[Opening Listed entries section]

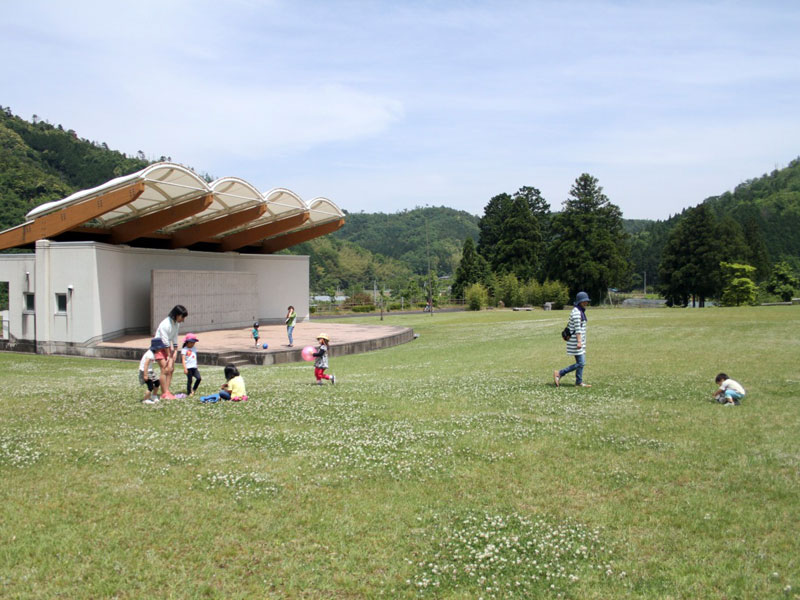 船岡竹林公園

[Closing Listed entries section]
[Opening Listed entries section]

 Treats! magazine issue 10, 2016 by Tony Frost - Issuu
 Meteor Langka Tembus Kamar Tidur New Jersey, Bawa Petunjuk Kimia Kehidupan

[Closing Listed entries section]

About this task: Only the lines above from the line with "Frost - Issuu" to the line with "Meteor Langka Tembus", those two lines included, should be reproduced exactly.

Solution to this problem:
 Treats! magazine issue 10, 2016 by Tony Frost - Issuu
 Meteor Langka Tembus Kamar Tidur New Jersey, Bawa Petunjuk Kimia Kehidupan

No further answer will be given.